La calma chicha que el instinto de Titus percibe en el ambiente se ve interrumpida cuando recibe una llamada en la que le avisan de un tiroteo en la secundaria local: un joven afroamericano acaba de asesinar a uno de los profesores más queridos del pueblo. Al llegar al lugar del tiroteo, se enfrentan al tirador y, aunque intentan negociar con él, los miembros del equipo de Titus terminan por abatirlo.
Al comenzar las indagatorias y analizar la escena del crimen, así los teléfonos celulares del tirador y del profesor asesinado, el sheriff descubre que el tiroteo solo fue la punta de un iceberg que, en su profundidad, ocultaba una serie de crímenes y hechos aberrantes de la peor clase concebible.
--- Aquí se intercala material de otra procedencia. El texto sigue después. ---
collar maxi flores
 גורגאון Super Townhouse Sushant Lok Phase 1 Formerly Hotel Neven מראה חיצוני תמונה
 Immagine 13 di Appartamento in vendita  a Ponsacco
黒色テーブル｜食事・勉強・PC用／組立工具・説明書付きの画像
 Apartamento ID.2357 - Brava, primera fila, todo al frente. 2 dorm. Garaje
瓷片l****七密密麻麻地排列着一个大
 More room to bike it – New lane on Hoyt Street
Titus sabe que ese tiroteo acaba de sepultar la calma y aparente paz del condado; sabe que la “tormenta” ha llegado y que se abatirá con toda su fuerza sobre los habitantes de Charon.
Las pruebas indican que entre los habitantes del pueblo hay un asesino sádico y prolífico, por lo que el foco de la investigación se dirige a encontrar e identificar a las víctimas y a capturar al homicida. Conforme avanzan las indagatorias, surgen las filtraciones y la paranoia se apodera del condado, paranoia que se suma al ambiente enrarecido por la tensión racial que amenaza con desbordarse.

S. A. Cosby, más que un narrador eficaz es un demoledor de certezas, un “forense” que disecciona a la sociedad. Conforme avanza la narración, de la mano de su personaje principal, el sheriff Titus Crown, van saliendo a la luz todos los demonios ocultos del pueblo: las antiguas fortunas construidas a hombros del esclavismo y el contrabando; el racismo enquistado e irreductible de una parte de la población; la hipocresía y perversión de los fanatismos religiosos, y las culpas, culpas a raudales, de los habitantes de esta comunidad cerrada que es Charon, cuyo nombre significa ominosamente “Caronte”, como el barquero que conducía a las almas rumbo al Hades a través del río Estigia.
Mientras la historia crece en intensidad y dramatismo, la monstruosidad de los hechos que van surgiendo hace emerger los demonios personales de Titus. Se enfrenta a sus culpas no resueltas y se derrumban todas sus certezas, llevándose entre los escombros a sus seres más queridos, mientras el pueblo, a su vez, se desmorona.
Una historia que pudiera parecerse a muchas otras; a fin de cuentas, la novela negra siempre ha hablado de los tópicos que aquí se tratan -crimen, enigma, rencor social, pecado, etc.-. Pero el autor dota a esta historia de una profundidad literaria muy particular: escribe desde su propia realidad social -es negro y creció en la zona donde se desarrolla la novela-, lo que confiere al relato una sensación de honestidad y verosimilitud difícilmente alcanzables, logrando una obra redonda, madura, que trasciende los límites del género y se convierte en un espejo que refleja la verdadera imagen de una sociedad que aún vive en conflicto con sus orígenes y con su historia.
Para los amantes de la novela negra, es una lectura imprescindible.